Input data below:
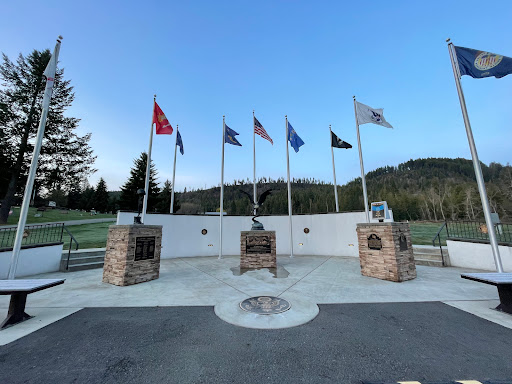 VETERANS MEMORIAL AT WOODLAWN CEMETERY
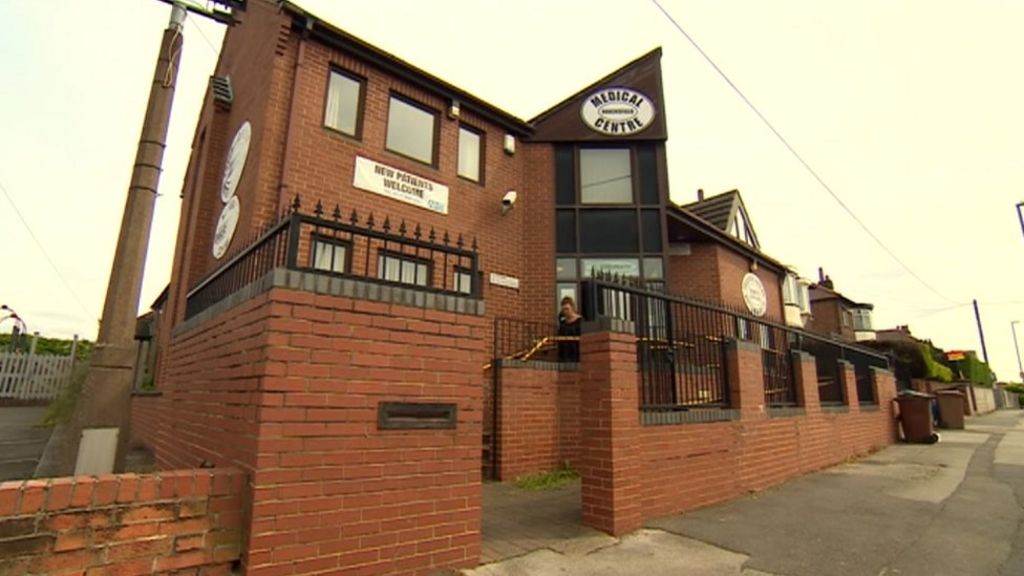 Doctor 'acted illegally' by circumcising boy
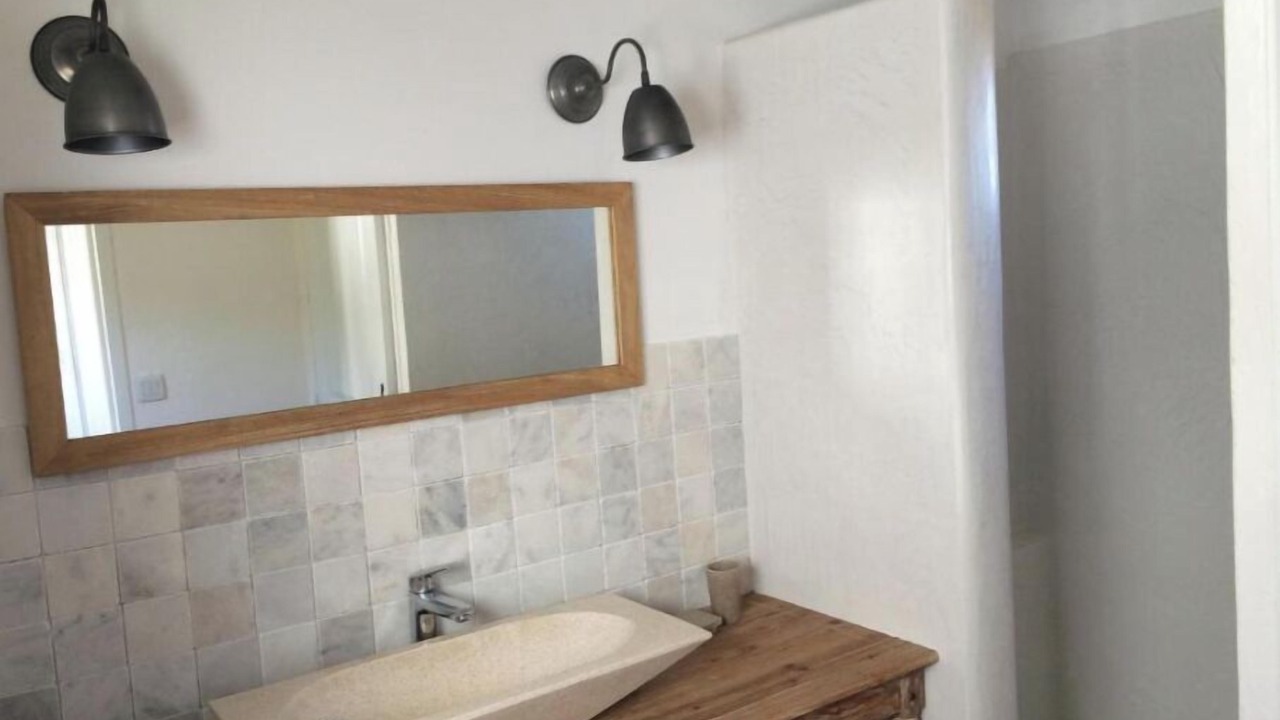 Photo of Bathroom in Vestric-et-Candiac
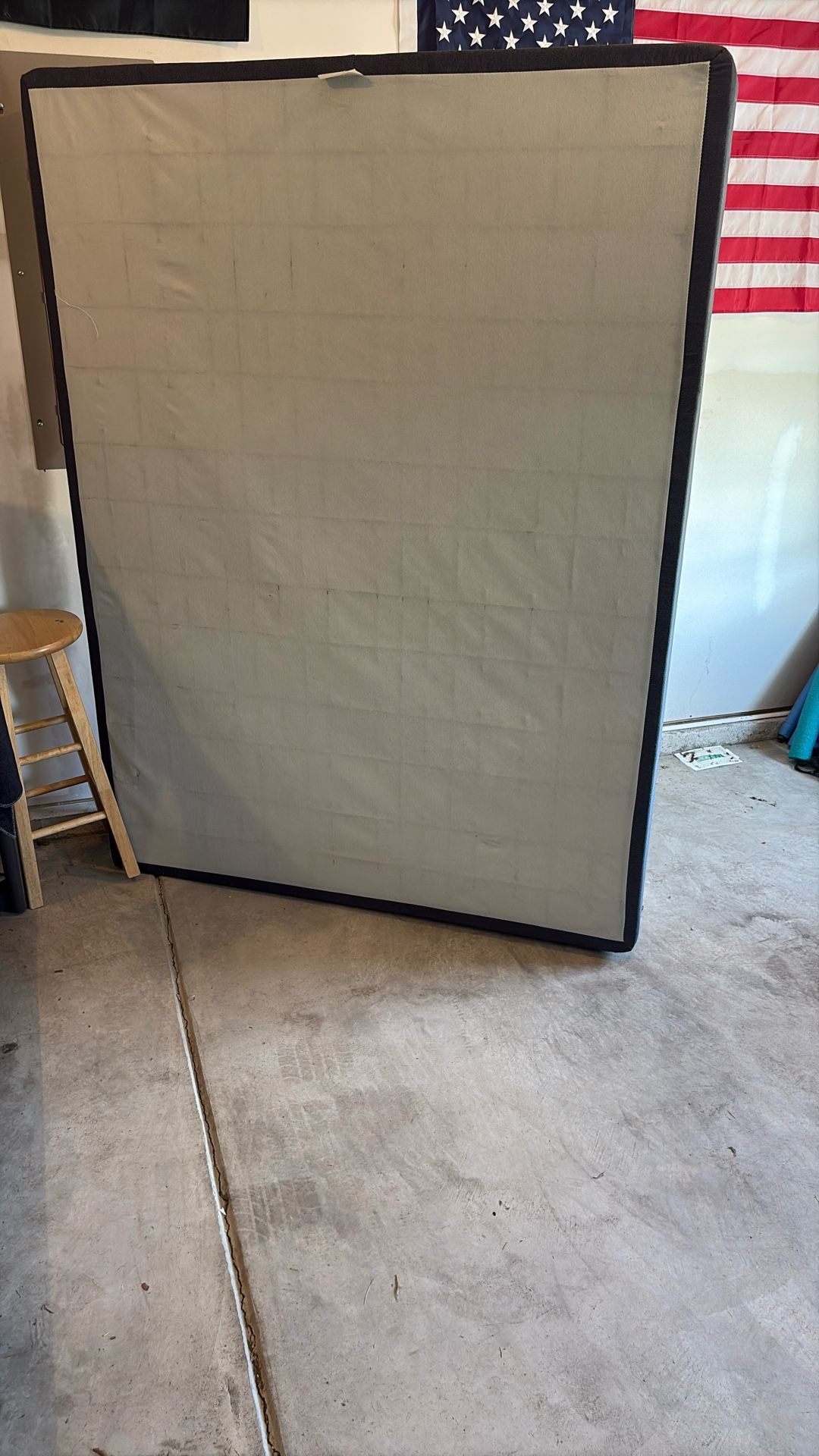 Free Spring Box (queen Size) 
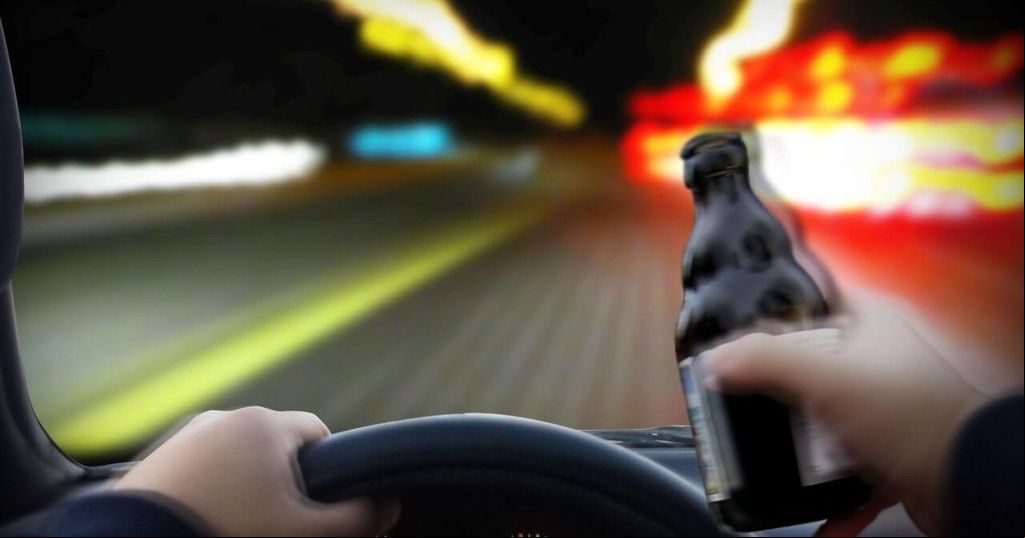 Motorista se acidenta e ainda é preso por estar embriagado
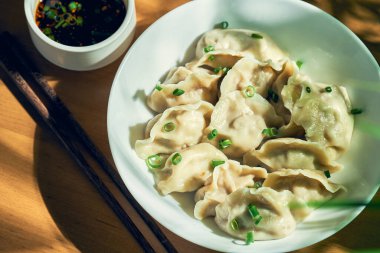 Klasik Çin hamuru, et ve baharatlı soya sosuyla birlikte beyaz tabakta. Çin mutfağı.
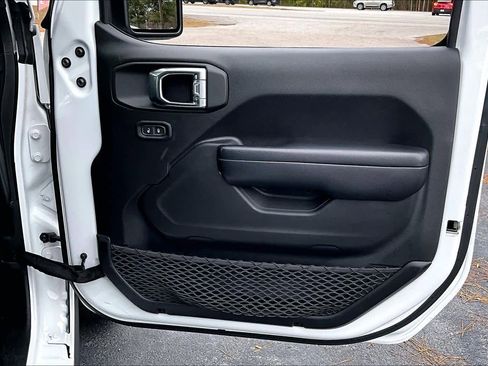 Used 2021 Jeep Wrangler Unlimited Sport image 22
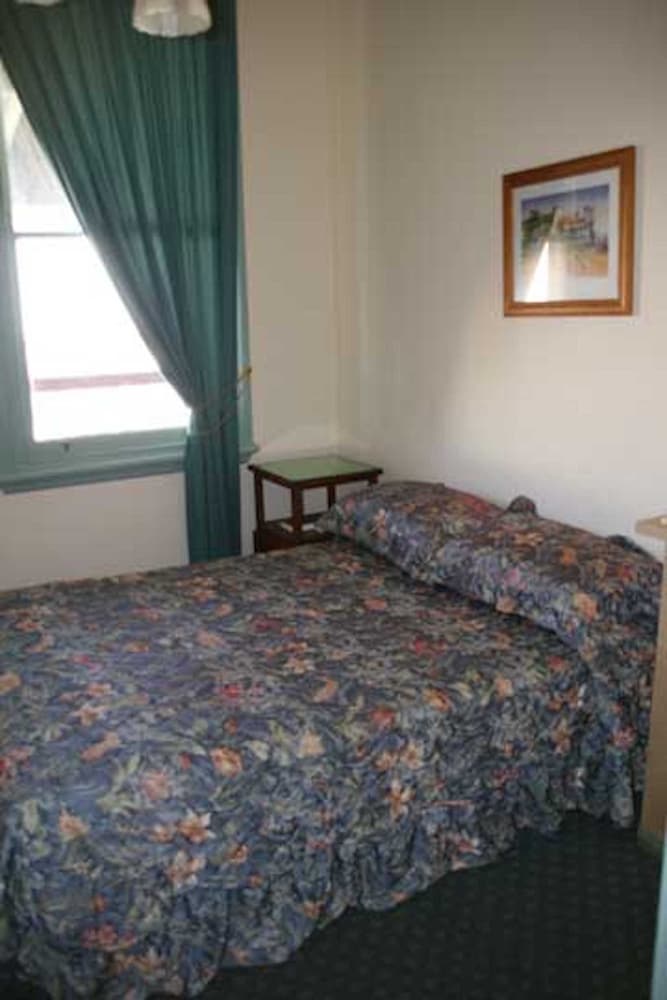 Criterion Hotel Warwick 36/43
End of Input data.
Work instructions.
Return each line above exactly; any pictures are to be skipped.

Exercise response.
 VETERANS MEMORIAL AT WOODLAWN CEMETERY
 Doctor 'acted illegally' by circumcising boy
 Photo of Bathroom in Vestric-et-Candiac
 Free Spring Box (queen Size) 
 Motorista se acidenta e ainda é preso por estar embriagado
 Klasik Çin hamuru, et ve baharatlı soya sosuyla birlikte beyaz tabakta. Çin mutfağı.
 Used 2021 Jeep Wrangler Unlimited Sport image 22
 Criterion Hotel Warwick 36/43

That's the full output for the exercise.